[Book Review] Where are we going? by Prof. Ku-Hyun Jung2013-08-22Hit:5144
The Korean Economy Train, which has been rushing into economic growth, is rapidly losing its speed. Some people point out that Korea is about to face a Japanese-style long-term recession. So, what should we do now? The author of the book, Where are we going now?, the former chief of Samsung Economic Research Institute and professor at KAIST Business School Ku-Hyun Jung, argues that the traditional economic growth model, which had contributed to the Korean economic development for last 60 years, is not effective these days. In his book, he asks individuals, firms and the government to make innovations for the next 15 years in order to facilitate a new growth engine.
According to Professor Jung, there are several signs of danger for the Korean economy. They include complacency, which comes after success, interest groups’ fixation on themselves, the lack of leadership that leads change, and the high-cost system. To deal with these problems, first of all, it is necessary to accomplish balanced growth between exports and imports, manufacturing and service industries, and small and large companies. We also need to prepare for the increase of female employment and aging workers due to the expansion and possible abolition of the retirement age. Fiscal policies should be enacted strictly to keep the combination of the aging phenomenon and the social welfare service from disturbing sound fiscal management.
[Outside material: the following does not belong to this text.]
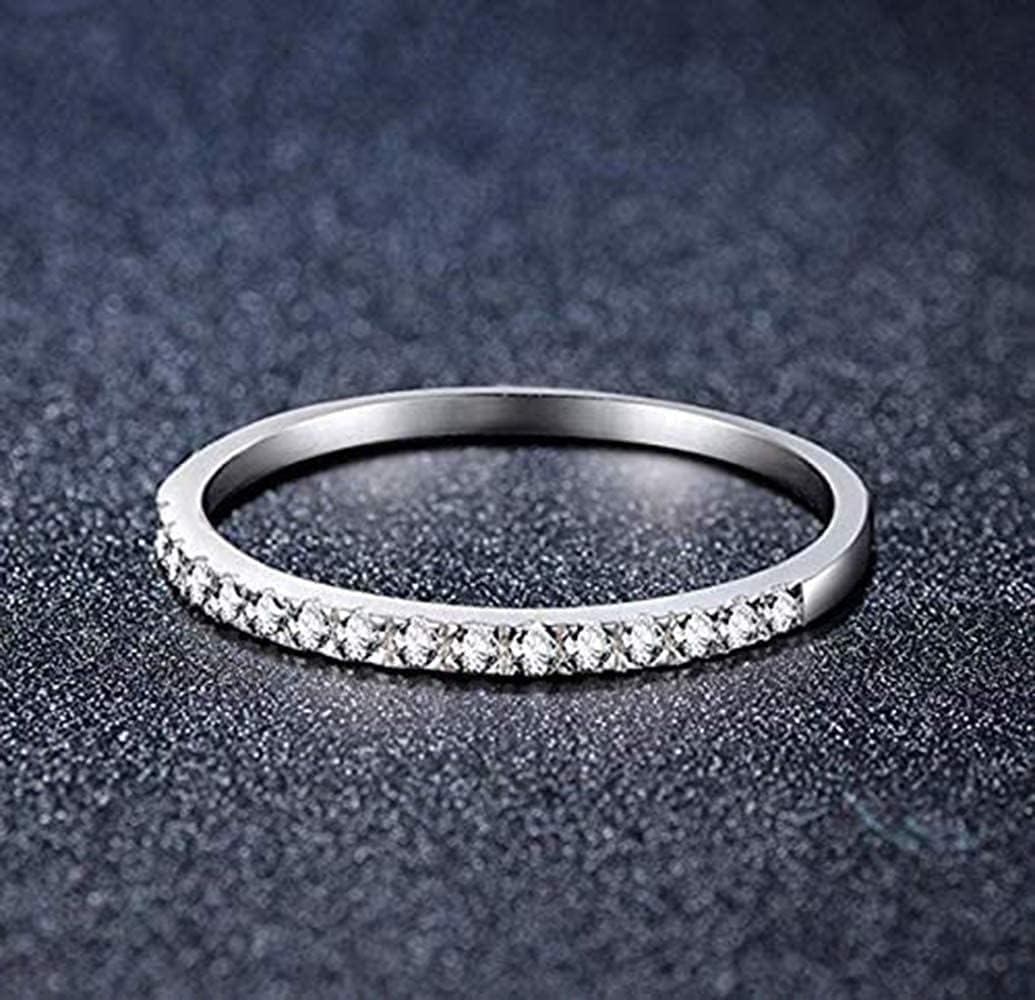 925 スターリングシルバー 結婚指輪 キュービックジルコニア クリスタル ハーフエタニティ スタッカブル 【Michigan】 婚約指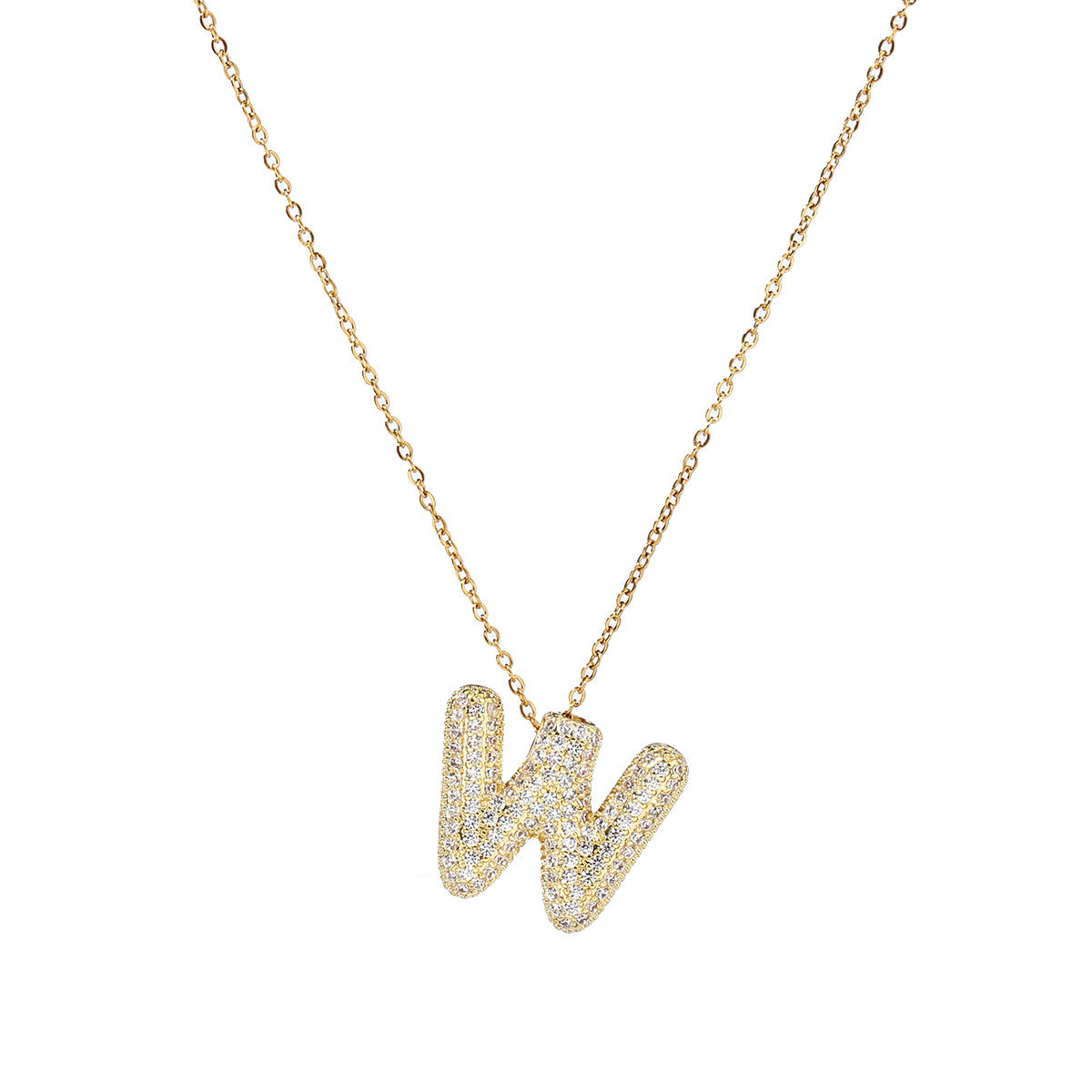6pcs/pack Copper Zircon Stone Hip Hop Bubble Capital Letter Name Charms A-Z Alphabet Necklace DIY Small Pendant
Professor Jung also argues that the role of government needs to be reduced where the market economy is activated. Economic growth should be basically led by the private sector. Now the government is having a difficult time following through with economic strategies and/or industrial policies with its plan since Korea had joined the ranks of advanced countries. The Korean economy should start to remodel its overall structure before it’s too late. To ensure the safe arrival of the Korean Economy Train by 2027, it is critical for the government and the market to reestablish their roles and to improve efficiency.